The balance rail—the chamfered rail in the middle of the key frame—will be the pivot point for the keyboard. Each key will have a mortise punched most of the way through it from above, and a pin will pass through this mortise into the balance rail. This second guide point together with the rack will keep the keys moving vertically, without skewing sideways and touching their neighbours.

Back in mid-September, I visited A&M Wood Specialty again and selected a large plank of Alaska yellow cedar to use for the exterior casework of the harpsichord. I ended up with a board about 9 feet long, 10 inches wide and 1" thick (all rough dimensions). Since the moisture level of this board was a bit high, I purchased it and arranged to have A&M keep it for me until it dried out somewhat. By late November the board was ready to go, so I had A&M resaw and surface all the resulting pieces to my required final dimensions of 7.5" wide, 3/16" thick.
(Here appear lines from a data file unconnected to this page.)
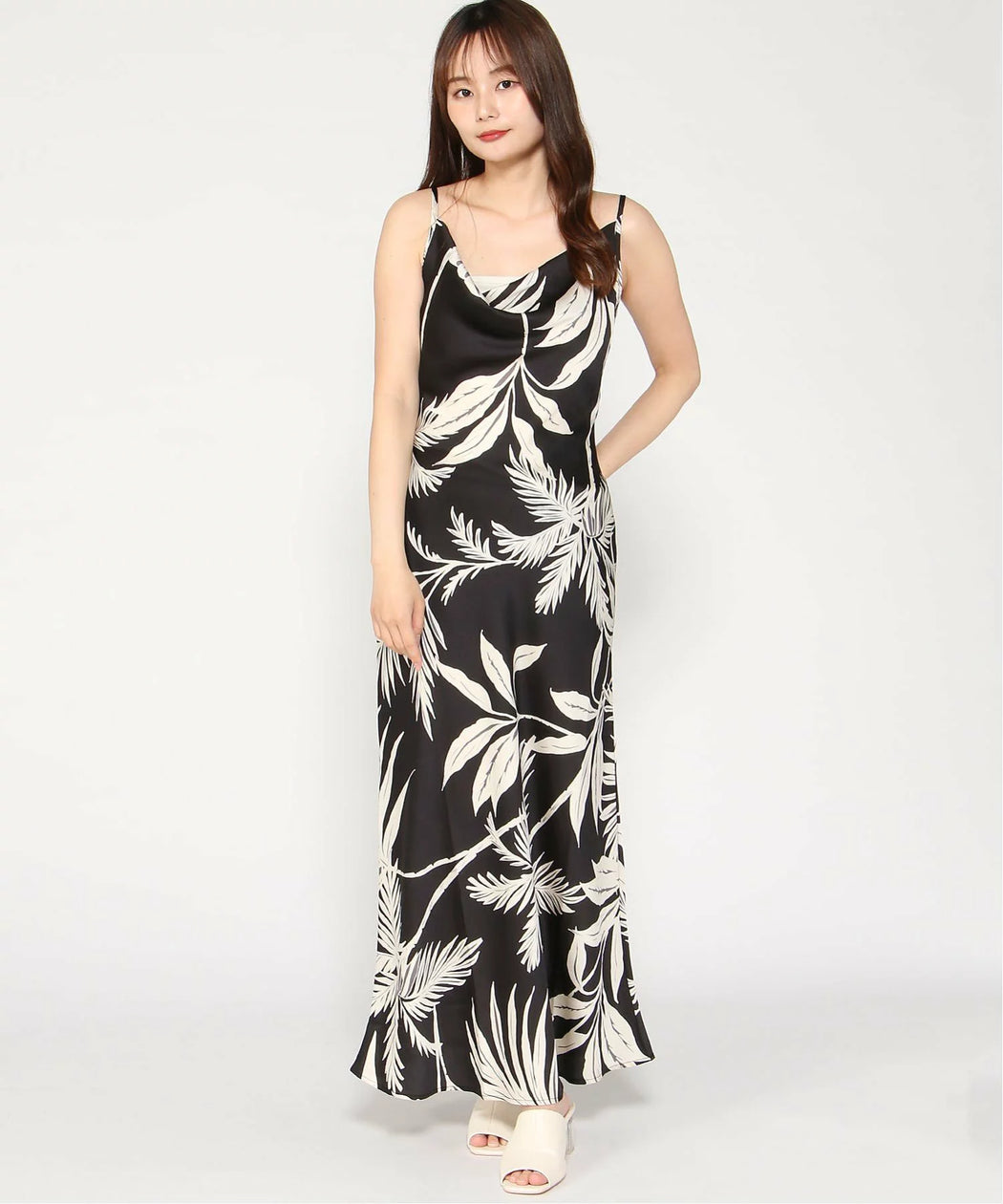 Guess akilina  boack satin slip dress w5gk85wh9c2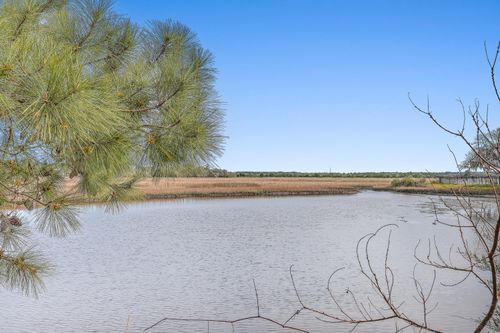 550 Towles Crossing Dr, Johns Island, SC, 29455-7850 | Card Image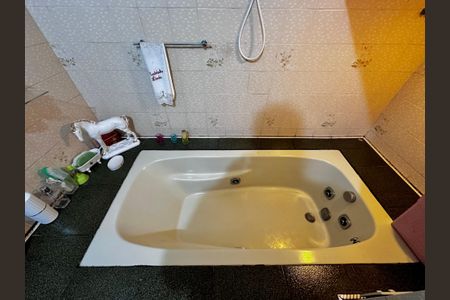 Casa à venda com 200m², 3 quartos e 1 vaga Casa à venda com 200m², 3 quartos e 1 vagaBanheiro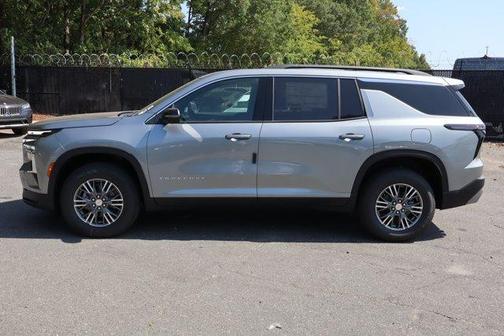Sterling Gray Metallic 2026 Chevrolet Traverse LT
They did an excellent job for an eminently reasonable fee of about $25. I ended up with 4 long resawn boards plus one thicker full-length piece that came from the original board when it was ripped to width. This will be used for mouldings, of which there are a great many on an Italian instrument.

Alaska cedar is a lovely wood of pale yellow colour and very subtle straight grain: it's quartered so the grain is quite even. It has an oddly herbal smell when freshly-cut, quite unlike the usual resinous evergreen fragrance. In fact it smells as if someone has been smoking pot somewhere nearby!

The case wood is thin, so the bentside can be made by simply shoving a board against the glue-smeared knees and clamping until the glue dries. Other sides are treated similarly, except that they need no bending. The numerous mouldings that go along the top and bottom edges of these boards will also strengthen them and keep them from being too floppy. A nice example—one of many in the Italian harpsichord tradition—of form and function being combined.

During the course of October and November, various items needed for the harpsichord arrived from various destinations: cloth padding of various types, boxwood plates which will make up the natural key covers, strips of ebony from which the sharps will come, maple arcades to decorate the front edge of each key, tuning pins, bridge pins, hitch pins, and so forth. I was lucky to have purchased all this stuff at a time when the Canadian dollar was skyrocketing to all-time highs against the US dollar. It also gained against the Euro, which helped offset the cost of buying things from Europe.

My sources are:

The Instrument Workshop: cloths, key covers and sharps, some specialty tools, plectra and strings.
Hubbard Harpsichords: maple arcades and specialty drill bits.
MicroMark: several small tools.
Marc Vogel oHG: brass and iron pins of all sorts, soundboard rose, soundboard wood.